À travers le prisme douteux des médias britanniques, l’image d’hommes en costume faisant la fête au champagne évoque, pour cet observateur tout au moins, la narration d’une orgie. Ces hommes sont-ils des politiciens corrompus dont les médias s’obstinent à faire les archétypes d’une réalité exclusivement africaine? Dans l’autobiographiede Tony Blair, ce manipulateur expert des mass media fait une remarque sur la naïveté de ses collègues à se faire prendre le portrait au travail avec une bouteille de vin. Après la croisade du New Labour pour faire accéder «  tout le monde  » à la middle class en Grande-Bretagne, le vin est devenu moins un spiritueux auquel on aspire qu’un produit de base consommé à bas prix par ce même «  tout le monde  », ce qui vient pondérer cette lecture. Les hommes sont peut-être des frères, des amis ou des amants.

La raison pour laquelle ces peintures sont si séduisantes et troublantes réside-t-elle dans l’incertitude cognitive qu’elles suscitent  ? L’espace indéterminé qu’elles créent semble accueillir une série de lectures, naïves et cyniques, de sorte que nos réactions face à elles nous exposent. Le caractère sombre de ces tableaux, leurs titres dissonants, évoquent quelque commentaire social caché, mais les observateurs qui ne cherchent rien d’autre que cela dans ce miroir satirique réaliseront qu’ils en sont devenus ses premières victimes. Lors de l’exposition à la Chisenhale Gallery, l’artiste a été interviewée par les écoliers d’une école primaire locale et a répondu la chose suivante à la question  : «Pourquoi peignez-vous uniquement des personnes?»

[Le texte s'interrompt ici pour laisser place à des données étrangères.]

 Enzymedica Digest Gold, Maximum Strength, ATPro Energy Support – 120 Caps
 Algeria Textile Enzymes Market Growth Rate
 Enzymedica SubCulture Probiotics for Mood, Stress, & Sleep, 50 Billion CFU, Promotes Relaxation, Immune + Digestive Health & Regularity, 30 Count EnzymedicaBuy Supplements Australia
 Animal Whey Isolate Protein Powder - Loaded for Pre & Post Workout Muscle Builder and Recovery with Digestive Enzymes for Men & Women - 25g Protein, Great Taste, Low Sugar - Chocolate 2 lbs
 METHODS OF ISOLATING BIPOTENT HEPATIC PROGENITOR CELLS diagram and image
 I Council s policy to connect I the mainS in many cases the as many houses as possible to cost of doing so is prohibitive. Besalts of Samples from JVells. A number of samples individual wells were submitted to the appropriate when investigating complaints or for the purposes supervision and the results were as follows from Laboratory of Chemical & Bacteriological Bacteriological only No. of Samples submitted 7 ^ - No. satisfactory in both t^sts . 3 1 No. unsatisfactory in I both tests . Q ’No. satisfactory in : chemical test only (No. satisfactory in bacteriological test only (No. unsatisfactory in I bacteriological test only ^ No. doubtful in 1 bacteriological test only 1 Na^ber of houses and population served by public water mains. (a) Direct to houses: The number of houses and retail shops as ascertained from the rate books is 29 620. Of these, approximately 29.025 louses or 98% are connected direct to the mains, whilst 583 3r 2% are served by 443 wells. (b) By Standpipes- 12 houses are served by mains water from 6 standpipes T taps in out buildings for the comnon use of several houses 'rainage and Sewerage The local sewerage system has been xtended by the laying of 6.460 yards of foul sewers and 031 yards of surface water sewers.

«Je trouve que les gens sont vraiment drôles parce qu’on peut faire n’importe quoi avec eux: les peindre en chaussettes, les faire danser ou simplement se reposer au bord de la mer.»

Cette réponse défie le désir de surdéterminer la signification de ces peintures dont la minutie –  des inclinations les plus quasiment impénétrables de simples corps, des relations quasiment illisibles entre des corps multiples  – recommande de porter un regard attentif qui voit dans l’art un reflet de nos propres besoins. Ces spéculations sont, nécessairement, tout aussi peu définies que ce qui est ressenti face à ces œuvres et volé de la galerie vers le reste du monde. Si ces incertitudes sont la véritable œuvre de ces peintures, notre tâche doit être d’apprendre à vivre avec elles.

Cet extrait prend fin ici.